毎度のことであるが、トピックスに掲載された日付がないので、ぼーっと見ているだけでは、新着情報であることに気が付かない。また、都HPの新着情報にも都市整備局HPの新着情報にも掲載されていないので、一般の都民が知ることは不可能である(それが狙いか…)。
リンク先を開くと、「議事の要旨」のほかに、「各区市の意見等」(PDF形式)が掲載されている。
会議の概要
- 会議名 令和6年度羽田空港の機能強化に関する都及び関係区市連絡会 分科会(第2回)
- 開催日 令和6年9月2日(月曜日)
- 出席状況
- 東京都、港区、新宿区、江東区、品川区、目黒区、大田区、渋谷区、中野区、豊島区、北区、板橋区、練馬区、江戸川区、国土交通省
- 議事の要旨
*国土交通省より、騒音測定結果や部品欠落報告等についての説明【各区市の意見等】(PDF形式)
- 南風時 A、C 滑走路着陸の機数について、当初住民説明会での説明では、時間当たりの機数は A 滑走路が 14 便程度、C 滑走路が 30 便程度ということであった。5月、6月実績を見ると、殆ど上限近い便数に戻ってきているということか。
- ⇒その通りである。復便状況について、現在ほとんど回復している状況である。A が時間当たり 14 便程度、3時間だと 42 便程度であり、C が時間あたり 30 便程度、3時間だと 90便程度であるが、今年の6月時点では、平均すると A が約 43 便、C が約 89 便であり、ほぼ想定の便数まで戻ってきている。
- 実測値の平均が昨年同時期よりも上昇している測定局がある。機材によっては推計平均値や Lden が上昇している測定局もある。復便や積載率の増加により騒音が高くなっているものと考えられるが、騒音に対して引き続き住民からも声があがっており、各エアラインに対して低騒音機の導入促進を働きかける等、改めて騒音軽減対策をお願いしたい。また、こうした取り組み内容について、次回以降の分科会でご紹介いただきたい。
- ⇒低騒音機の導入について、羽田空港では国際線の着陸料金体系に組み込むなど対応を行っているところではあるが、本邦航空会社に対して、引き続き低騒音機の導入に向けて取り組みを行っていく。
- 部品欠落の「重量不明」とはどういう意味か。
- ⇒ボルト、ワッシャー、ナット等の4つに分割可能な部品がひとまとまりに報告されたものである。重量は4つで 30 グラム程度であり、1つずつの重さが不明なため「重量不明」としている。
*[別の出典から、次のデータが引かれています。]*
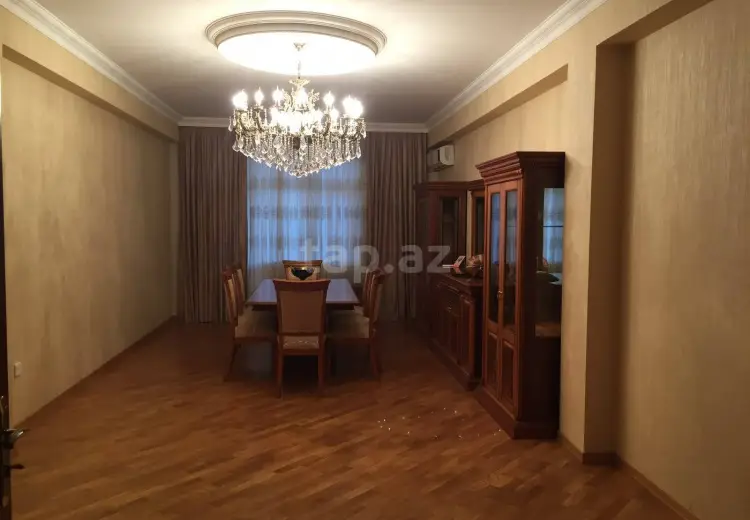 3 otaqlı mənzil , Bakı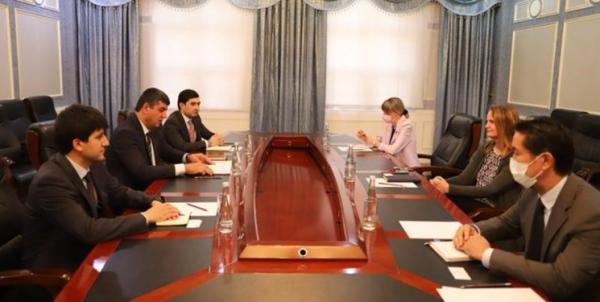 ملاقات مقامات تاجیک و بانک توسعه آسیایی در دوشنبه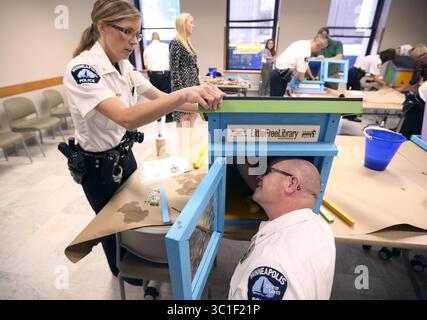 26 maggio 2015 - Minneapolis, Minnesota, Stati Uniti - gli ispettori di polizia di Minneapolis Kathy Waite e Mike Sullivan hanno riunito una piccola biblioteca gratuita al municipio martedì 26 maggio 2015 a Minneapolis, Minnesota. Le piccole biblioteche gratuite saranno collocate in tutte le stazioni del distretto. / (Immagine di credito: Jerry Holt/Minneapolis Star Tribune/TNS via cavo ZUMA) Foto Stock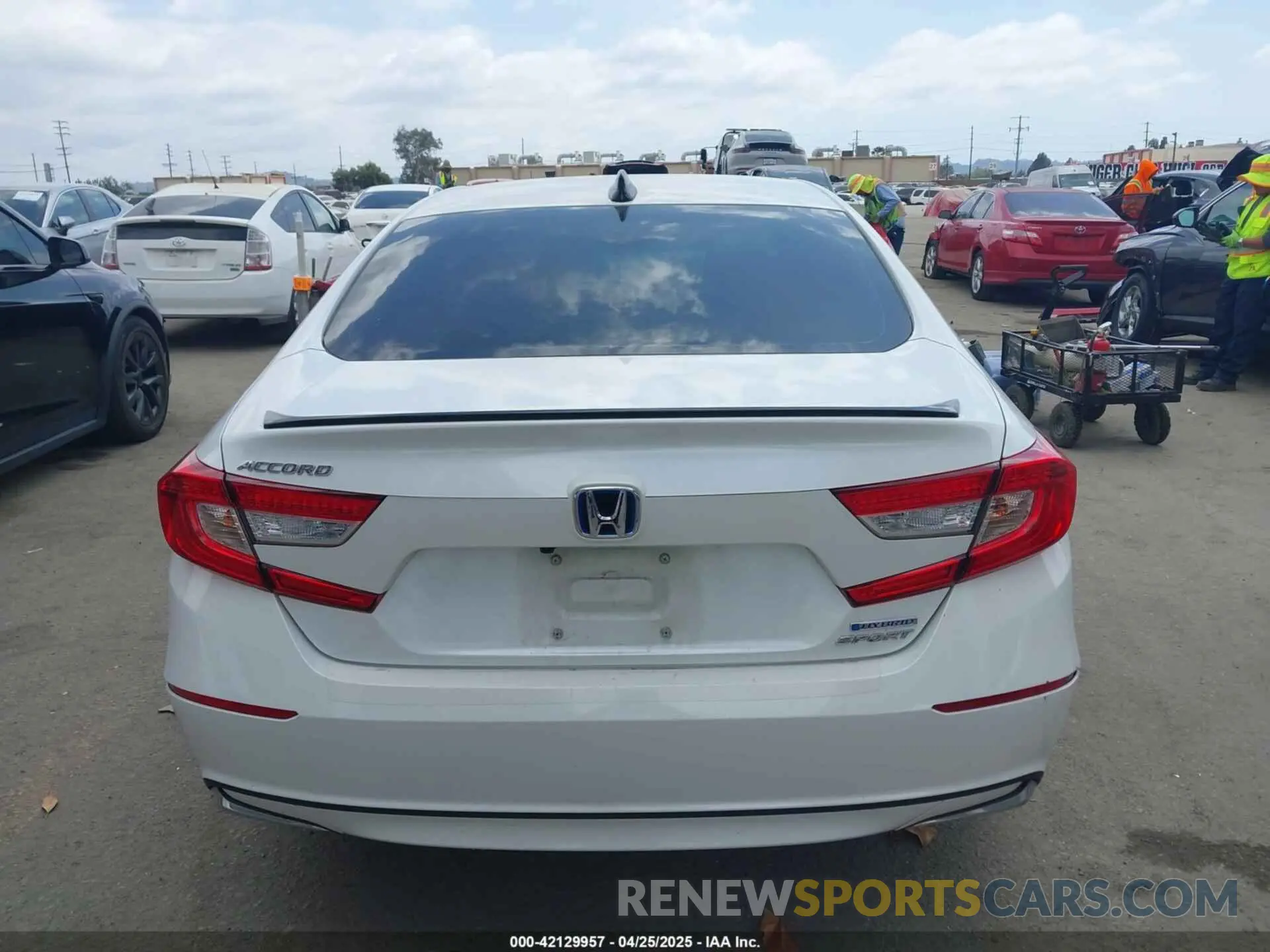 16 Photograph of a damaged car 1HGCV3F29NA030562 HONDA ACCORD 2022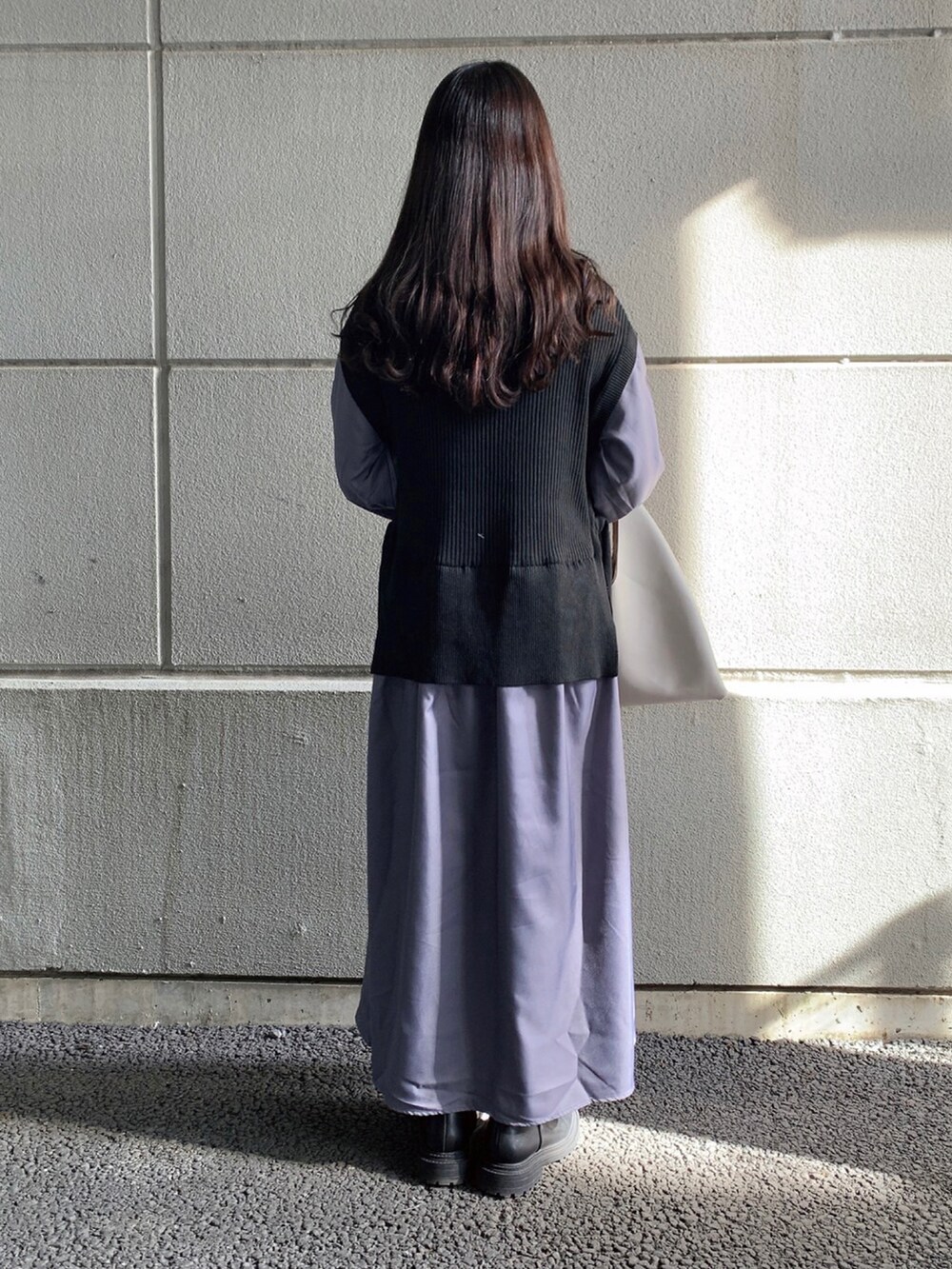 「トートバッグ、ワンピース、ブーツ、春コーデ、ドッキングワンピ、WAREHOUSE、綺麗めコーデ、items、ITEMS URBANRESEARCH、アイテムズアーバンリサーチ」｜「ITEMS URBANRESEARCHのニットベストドッキングワンピース（ワンピース、グレー系）」を使った、manaさん（レディース・160cm）の春コーディネートの3枚目の写真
- 羽田新飛行ルートの住民説明会について、運用開始前は複数回実施いただいたが、日にちもかなり経過したこともあり、議会からも説明会の実施要望を受けている。これまでも要望させていただいたが、改めて説明会開催を検討いただきたい。また、1月に発生した羽田空港の事故についても、一層の安全対策を実施していただくとともに、再発防止策も講じていただきたい。
- ⇒住民説明会の開催について、現在、固定化回避検討会も行っているところであり、こちらの開催状況も踏まえながら検討していく。また、事故に対する安全対策について、6月末に有識者検討会の中間とりまとめを行っており、まずはとりまとめ施策を着実に実施していく。
- 時間あたりの発着数について、国交省が発行した「羽田空港のこれから」によると、時間あたりの発着数は 82 回が限界とされており、増便するためには新飛行経路が必要、と記載されている。一方、先日、国交省が公表した資料を読み解くと、時間あたりの発着数は最大で 95 回であった。当初の限界値と異なっており、新飛行経路は不要ではないかという声があがっている。このことに対する見解を伺いたい。
また、落下物対策について、落下物対策総合パッケージ等の対策効果により、新飛行ルートの運用開始後、羽田空港における落下物は確認されていないことは何よりである。一方、羽田空港を含む7空港の部品欠落数は5月と6月で 206 個である。昨年とほぼ同数とのことだが、部品欠落の数は航空機の運航に対する不安を増大するものである。現状、ハード面・ソフト面で様々な対策が講じられているところであるが、引き続き部品欠落の削減に向けた対策の充実、並びに落下物防止の徹底をお願いしたい。
- ⇒時間あたりの発着数であるが、82 回は過去に首都圏空港技術小委員会の中間とりまとめにおいて公表したものであり、常時達成可能な回数とし出発 41 回、到着 41 回と示している。瞬間的にはこれを超えることもあるが、常時達成可能な、とは安定的に運用するためには、82 回が限度ということである。
また、落下物対策について、部品欠落はチェック体制を強化している。今まで見つからなかったものを見つけるような体制をとっており、見つかったものについてはどういった要因で落下したのか分析し、対策を講じている。例えばラベルシールが落下した場合はシールから塗装に切り替える等である。引き続き対策を講じていく。- 航空需要が戻ってきたこともあり、騒音対策や落下物防止を含めた安全対策について改めて取り組みの継続と徹底をお願いしたい。1月の事故を受けての中間とりまとめを発表されたところであるが、確実な履行と徹底をお願いしたい。
また、固定化回避検討会について 2022 年8月に第5回目が開催されてから丸2年開催されていない。鋭意検討いただいている状況であると思うが、一刻も早い次回の検討会の開催と、具体的な取り組み内容の提示、早期の実施について重ねてお願いしたい。
- ⇒落下物対策、騒音対策、事故対応について、引き続き取り組みを実施していく。固定化回避検討会について、早期開催の声があがっていることは重々承知している。現在、鋭意検討中である。次回は技術的な検証結果を示す場になると思うが、引き続き早期の開催に向けて取り組んでいく。
【会議資料】
公開された「会議資料」(次図)は、「(資料6-2)都に寄せられた意見について」以外は、国交省が「新飛行経路の定期運用報告(第26回」として9月30日に公表した資料に含まれている。
国交省は9月2日に都及び関係区市連絡会で関係自治体に、羽田新ルートの運用状況を報告し、1か月近く経て9月30日に、都と同じ日に関連資料を公表するという手順を踏んでいたことが分かる。
都民の怒りの矛先は都ではなく、国に向かっている!?
国交省の配布資料(9月30日公表)に無かったのは、「(資料6-2)都に寄せられた意見について」。24年5月1日から6月30日までの問合せ件数(速報値)が掲載されている。2か月でたったの13件!
国や国が委託しているコールセンターに寄せされた件数と比較すると、都に寄せられた件数がいかに少ないかがよく分かる(次図)。
都民の怒りの矛先は東京都ではなく、国に向かっているのか。あるいは都民は東京都に羽田新ルートに係る対応を期待していないのか……。
「都及び関係区市連絡会」開催実績
羽田空港の機能強化に関する都及び関係区市連絡会の開催実績を次図に示す。
開示請求で「出欠表(予定)」「議事概要」※未稿
都知事宛に10月2日、「出欠表(予定)」「議事概要」につき、開示請求しておいた。